(TASK DIRECTIONS)
An exact copy of the listing is what is needed here; write it out in full.

(DATA SEGMENT)
________
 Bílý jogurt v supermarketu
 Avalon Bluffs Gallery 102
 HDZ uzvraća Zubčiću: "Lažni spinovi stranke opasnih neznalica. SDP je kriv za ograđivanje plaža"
________
(RESPONSE TO THE EXERCISE)
 Bílý jogurt v supermarketu
 Avalon Bluffs Gallery 102
 HDZ uzvraća Zubčiću: "Lažni spinovi stranke opasnih neznalica. SDP je kriv za ograđivanje plaža"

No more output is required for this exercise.